- [YOUR OBJECTIVE]
Word for word, print out all of the data, omitting every image.

- [DATA]
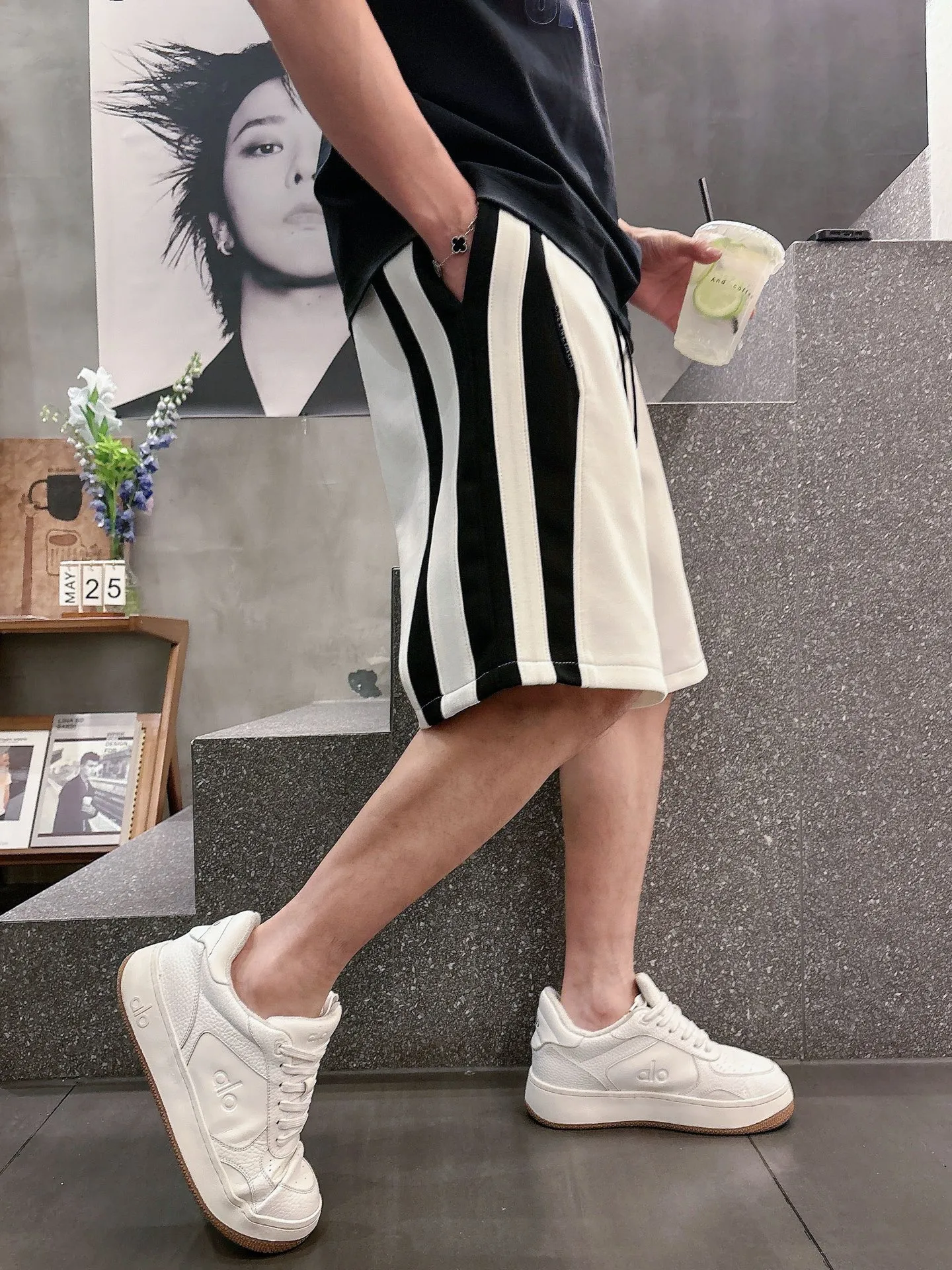 Balenciaga's three-standard complete 2026 summer New Arrival men's casual shorts, advanced custom-made Breathable fabric, Breathable fabric, extremely stretchy and comfortable, impeccable details, top-grade accessories, original logo design concept, delicate and soft feel! The upper body fit is awesome! Size: M-XXXL Please state your height and weight when ordering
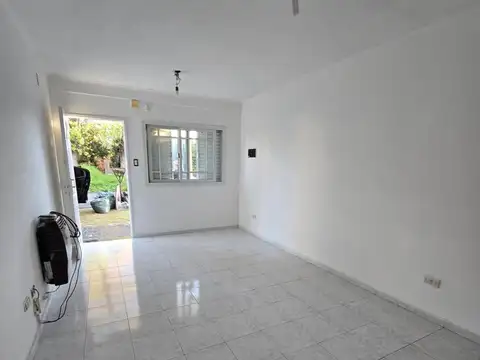 Dúplex en venta - 2 Dormitorios 2 Baños - Cochera - Los Hornos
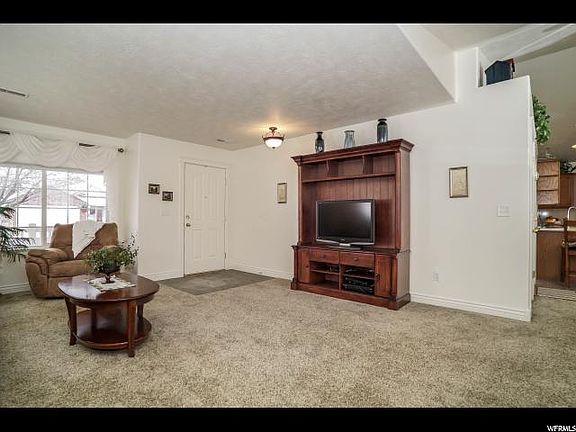 5th image of 2443 N Williamsburg Ave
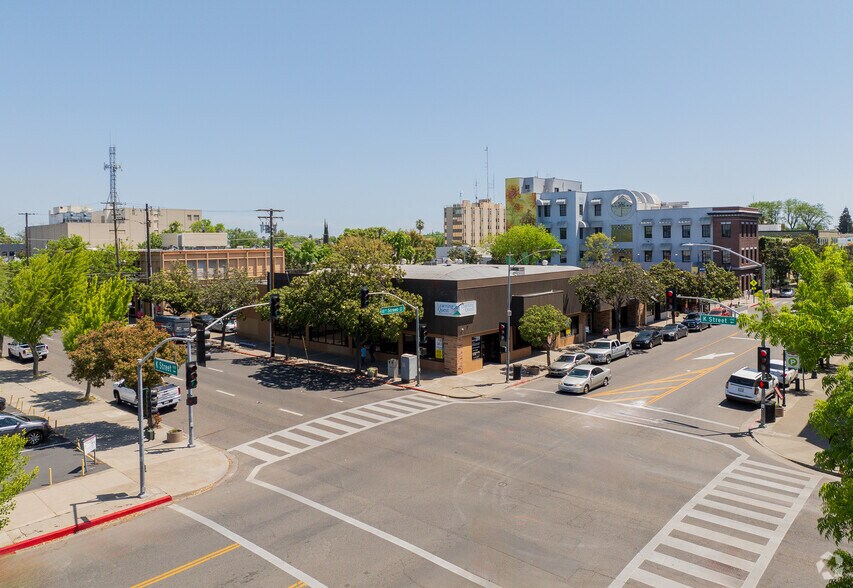 More Photos Of 1028-1032 11th St, Modesto Office For Lease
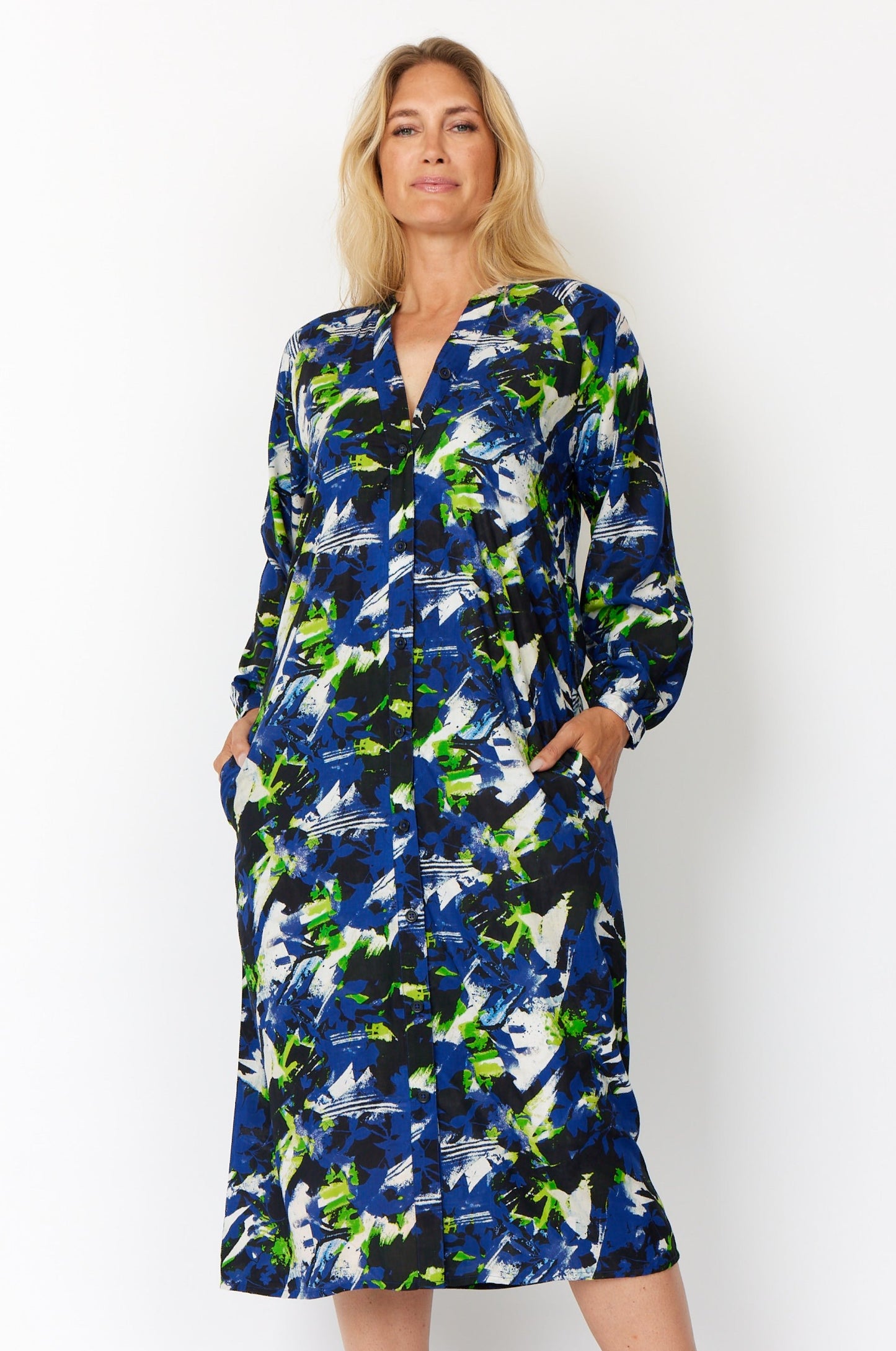 MOUNTAIN Dress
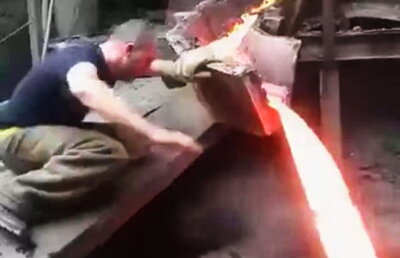 VIDEO Ce nu ar trebui să faci cu metalul topit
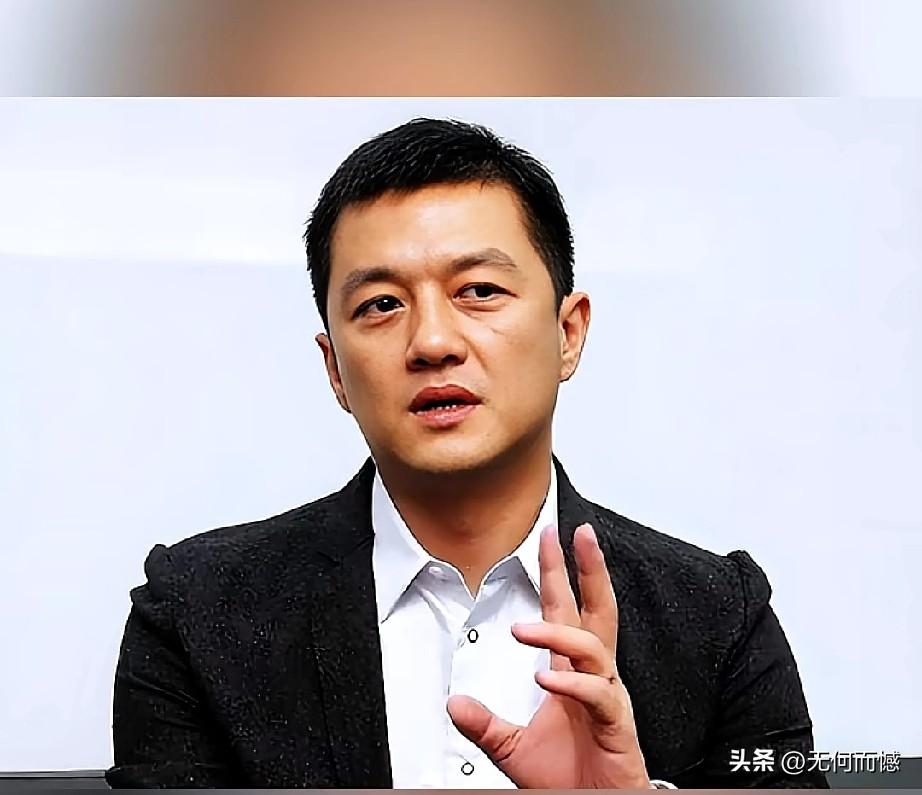 李亚鹏是一个真汉子，他的奋斗精神让人敬佩，他的人格魅力让人敬佩，这个曾经风光无限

- [OUTPUT OF THE EXERCISE]
 Balenciaga's three-standard complete 2026 summer New Arrival men's casual shorts, advanced custom-made Breathable fabric, Breathable fabric, extremely stretchy and comfortable, impeccable details, top-grade accessories, original logo design concept, delicate and soft feel! The upper body fit is awesome! Size: M-XXXL Please state your height and weight when ordering
 Dúplex en venta - 2 Dormitorios 2 Baños - Cochera - Los Hornos
 5th image of 2443 N Williamsburg Ave
 More Photos Of 1028-1032 11th St, Modesto Office For Lease
 MOUNTAIN Dress
 VIDEO Ce nu ar trebui să faci cu metalul topit
 李亚鹏是一个真汉子，他的奋斗精神让人敬佩，他的人格魅力让人敬佩，这个曾经风光无限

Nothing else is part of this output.